→ **WORK TO COMPLETE**
Among the entries below, copy only the span from the line containing "A girl having" through the line containing "Planta Artificială Copac". Do so exactly, and skip the pictures.

→ **TASK MATERIAL**
______

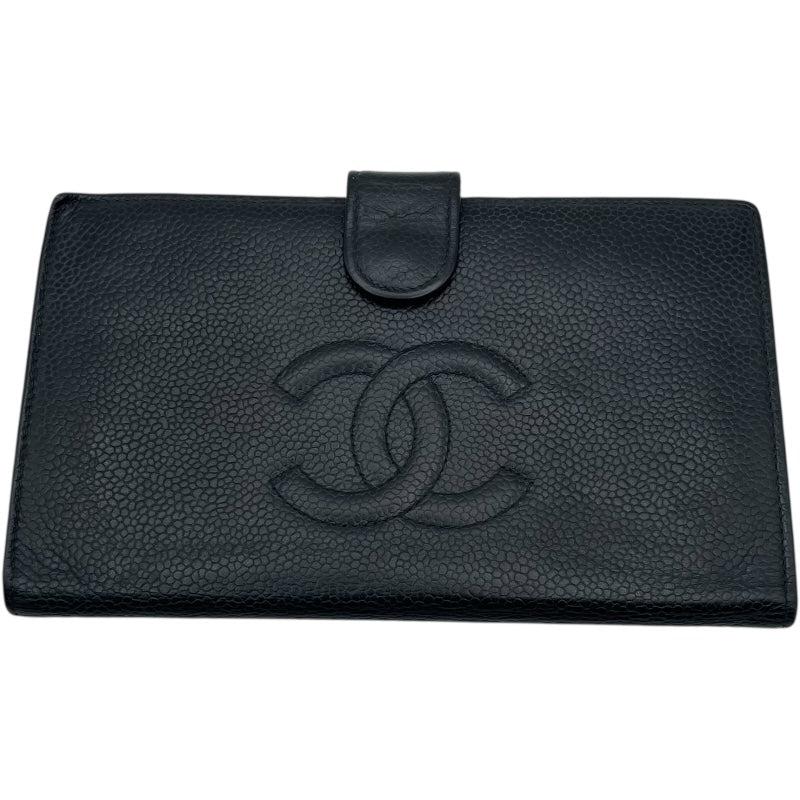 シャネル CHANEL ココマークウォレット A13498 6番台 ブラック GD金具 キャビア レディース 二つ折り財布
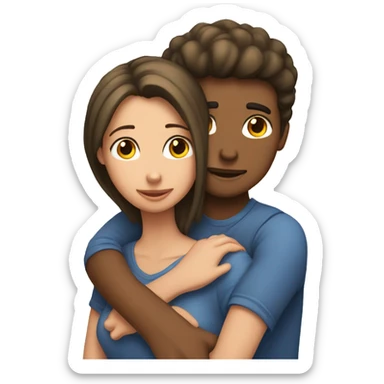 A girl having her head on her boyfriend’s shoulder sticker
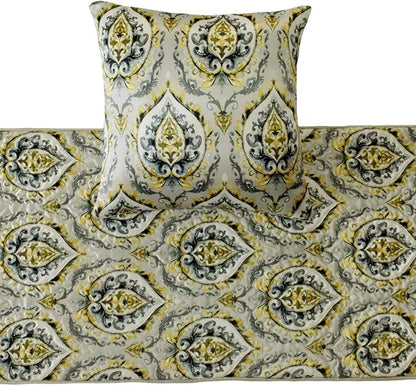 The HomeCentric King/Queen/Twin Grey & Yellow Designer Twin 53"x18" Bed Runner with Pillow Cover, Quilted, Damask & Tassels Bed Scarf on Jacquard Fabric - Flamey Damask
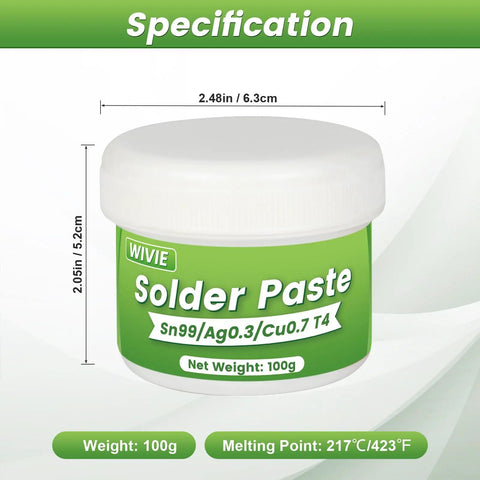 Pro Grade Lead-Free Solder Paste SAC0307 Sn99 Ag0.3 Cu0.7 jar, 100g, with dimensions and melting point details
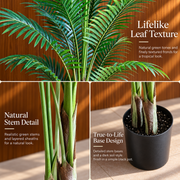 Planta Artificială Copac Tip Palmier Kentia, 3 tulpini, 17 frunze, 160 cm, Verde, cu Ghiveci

______

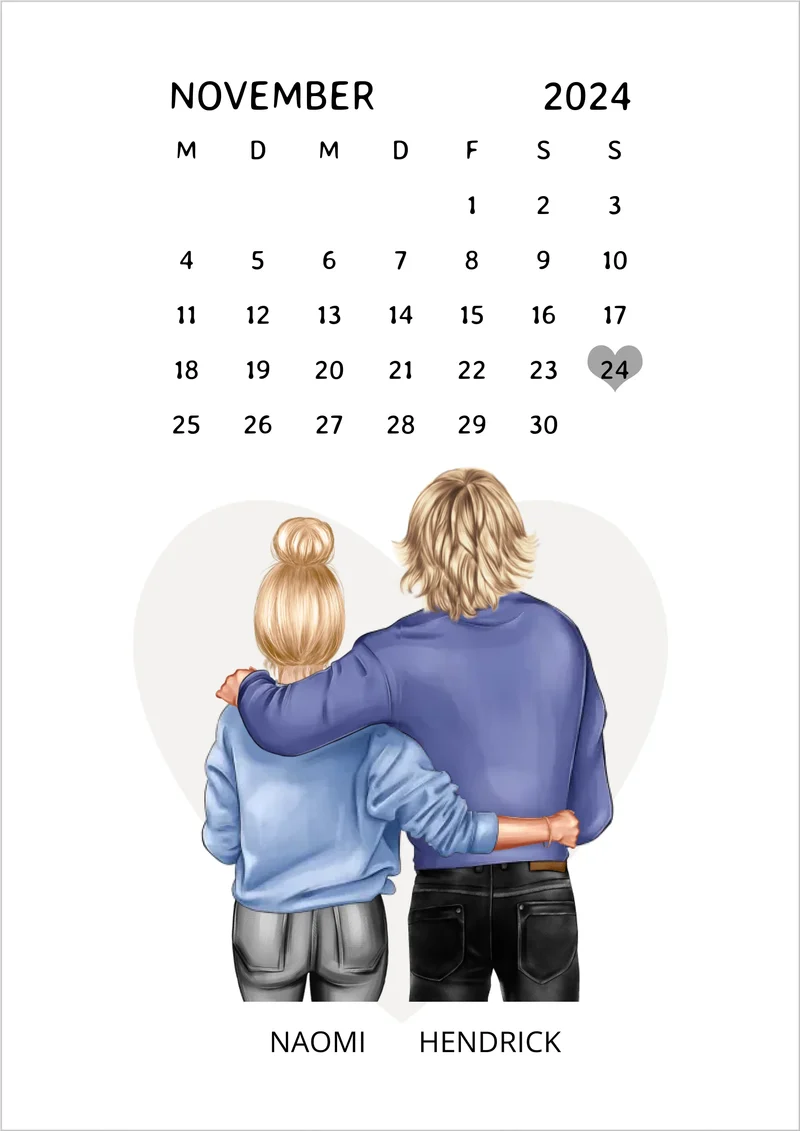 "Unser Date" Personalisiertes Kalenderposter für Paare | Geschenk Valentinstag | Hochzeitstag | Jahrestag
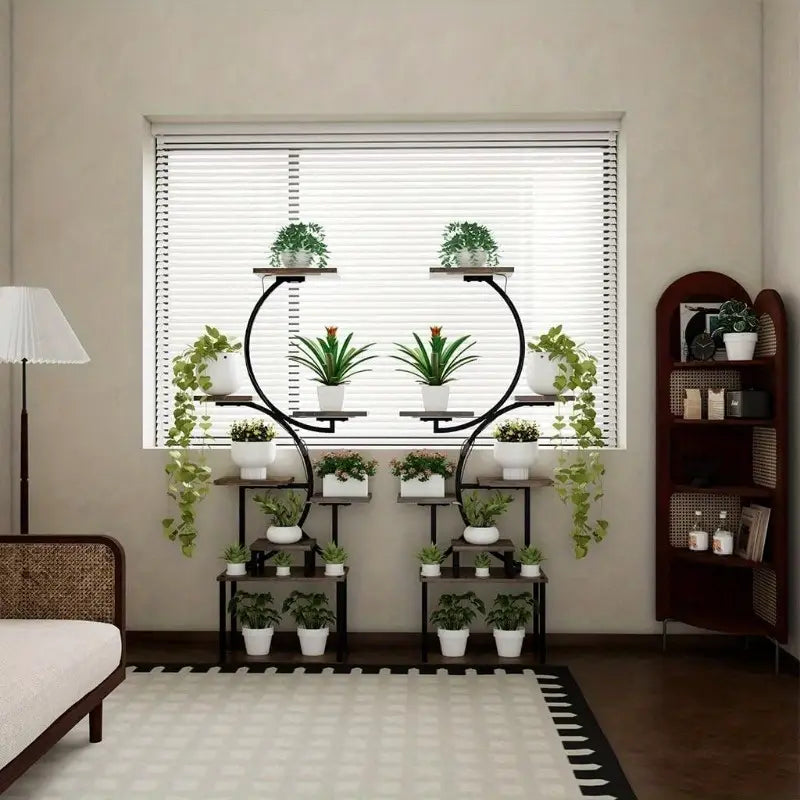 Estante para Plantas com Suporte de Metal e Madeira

______

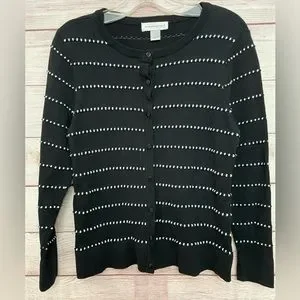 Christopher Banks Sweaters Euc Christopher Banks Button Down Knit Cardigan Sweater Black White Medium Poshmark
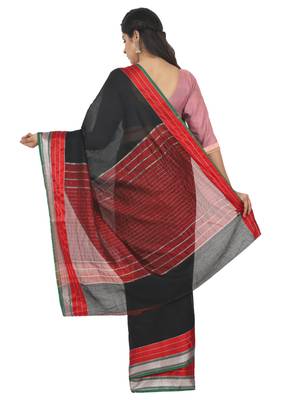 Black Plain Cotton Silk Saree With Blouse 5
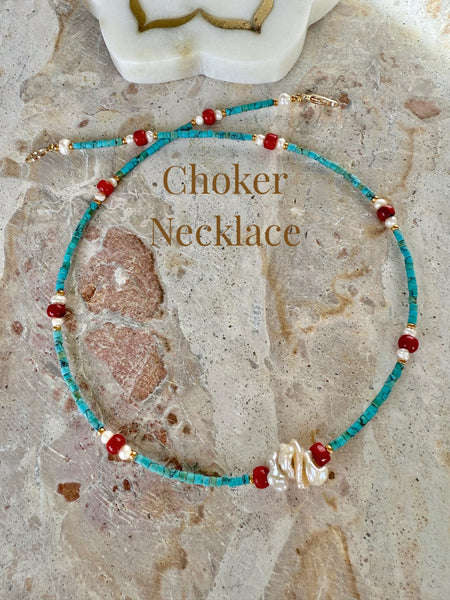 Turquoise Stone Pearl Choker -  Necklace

______

→ **RESPONSE**
 A girl having her head on her boyfriend’s shoulder sticker
 The HomeCentric King/Queen/Twin Grey & Yellow Designer Twin 53"x18" Bed Runner with Pillow Cover, Quilted, Damask & Tassels Bed Scarf on Jacquard Fabric - Flamey Damask
 Pro Grade Lead-Free Solder Paste SAC0307 Sn99 Ag0.3 Cu0.7 jar, 100g, with dimensions and melting point details
 Planta Artificială Copac Tip Palmier Kentia, 3 tulpini, 17 frunze, 160 cm, Verde, cu Ghiveci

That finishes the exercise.